This example demonstrates the inference process with thinking budgets using Qwen3 series models. The process involves two steps:

  1. the model generates reasoning content within the specified thinking budget
  2. append the reasoning content to the conversation context and call the model again to get the final response

Environment Setup

  • transformers >= 4.51.0
  • openai >= 1.65.0

Basic Usage

First, you should start a Qwen3 model in thinking mode. You can refer to Quickstart for more details.

Then, you can use the following code to call the model with thinking budgets.

python
from typing import Any, Dict, List

import openai
from transformers import AutoTokenizer


class ThinkingBudgetClient:
    def __init__(self, base_url: str, api_key: str, tokenizer_name_or_path: str):
        self.base_url = base_url
        self.api_key = api_key
        self.tokenizer = AutoTokenizer.from_pretrained(tokenizer_name_or_path)

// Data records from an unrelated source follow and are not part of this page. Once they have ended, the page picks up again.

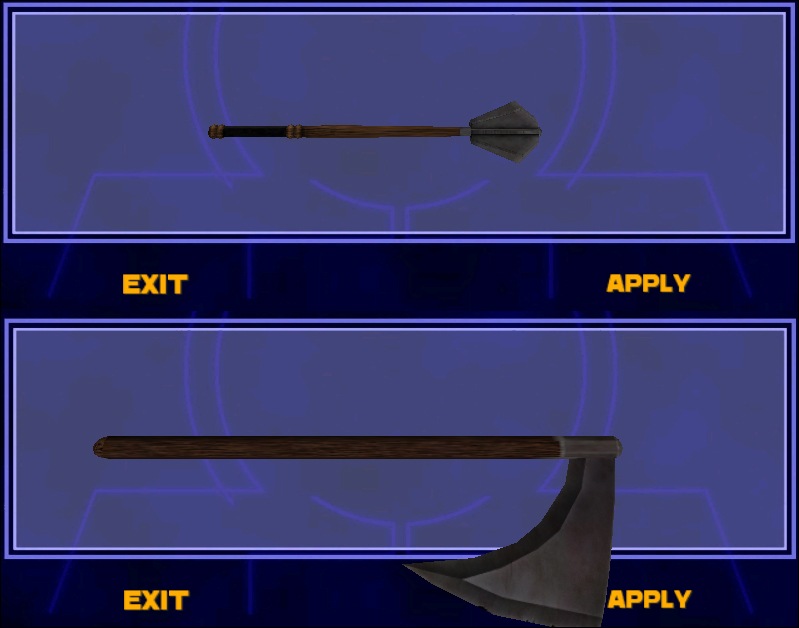 An in-game screenshot from the saber select menu showing a mace and an axe.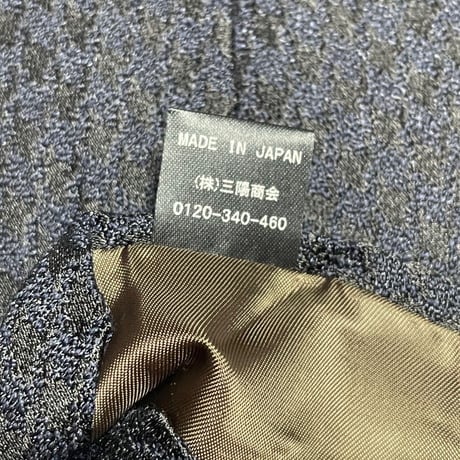 MADE IN JAPAN製 MACKINTOSH LONDON STEPHEN WALTERS生地 シルクコットンウール千鳥格子柄ネクタイ ブラック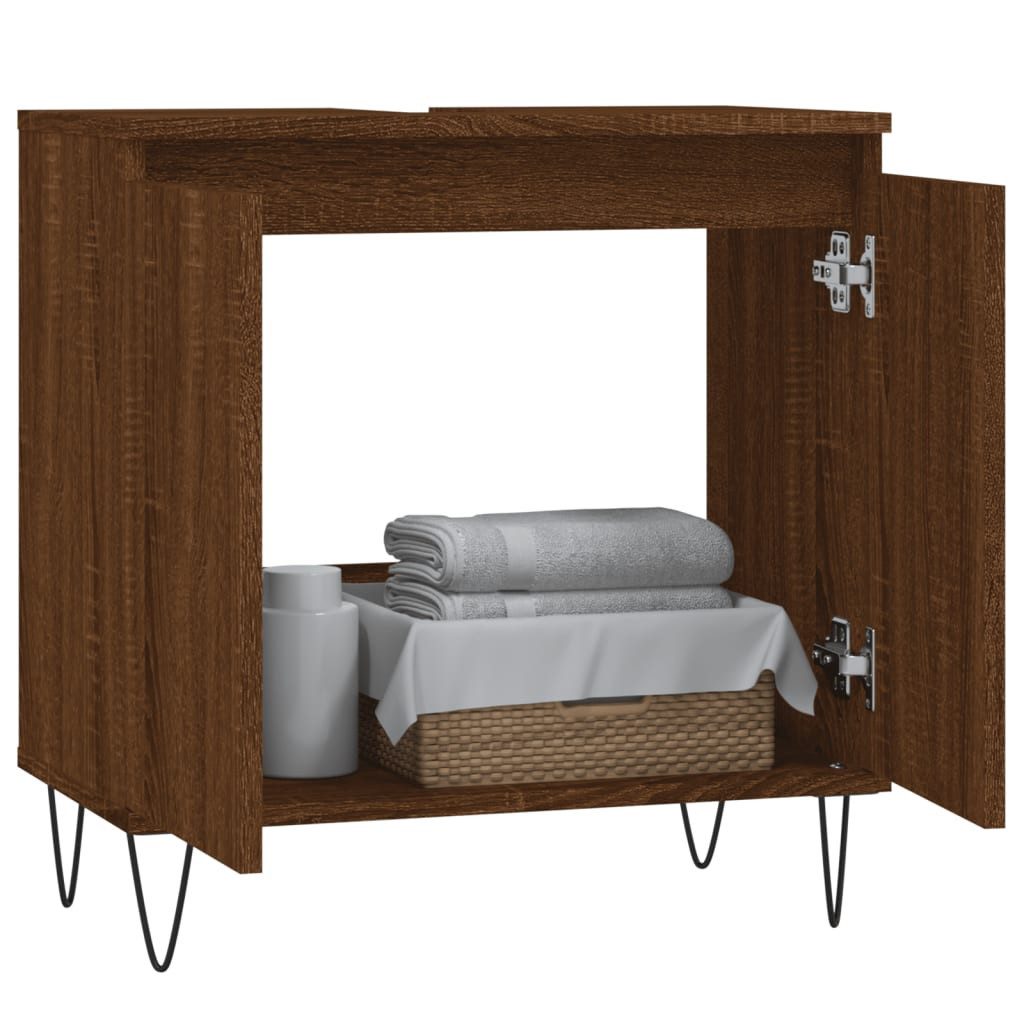 vidaXL Badkommode, Badschrank Braun Eichen-Optik 58x33x60 cm Holzwerkstoff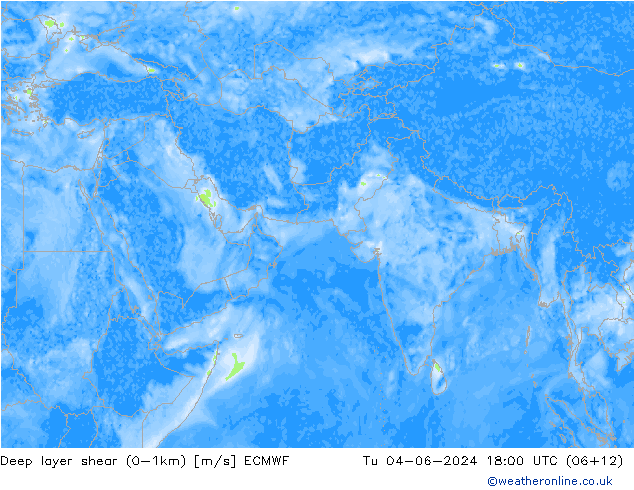 Deep layer shear (0-1km) ECMWF Tu 04.06.2024 18 UTC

        self.client = openai.OpenAI(
            base_url=self.base_url,
            api_key=self.api_key
        )
    
    def chat_completion(
        self,
        model: str,
        messages: List[Dict[str, Any]],
        thinking_budget: int = 512,
        max_tokens: int = 1024,
        **kwargs
    ) -> Dict[str, Any]:
        assert max_tokens > thinking_budget, f"thinking budget must be smaller than maximum new tokens. Given {max_tokens=} and {thinking_budget=}"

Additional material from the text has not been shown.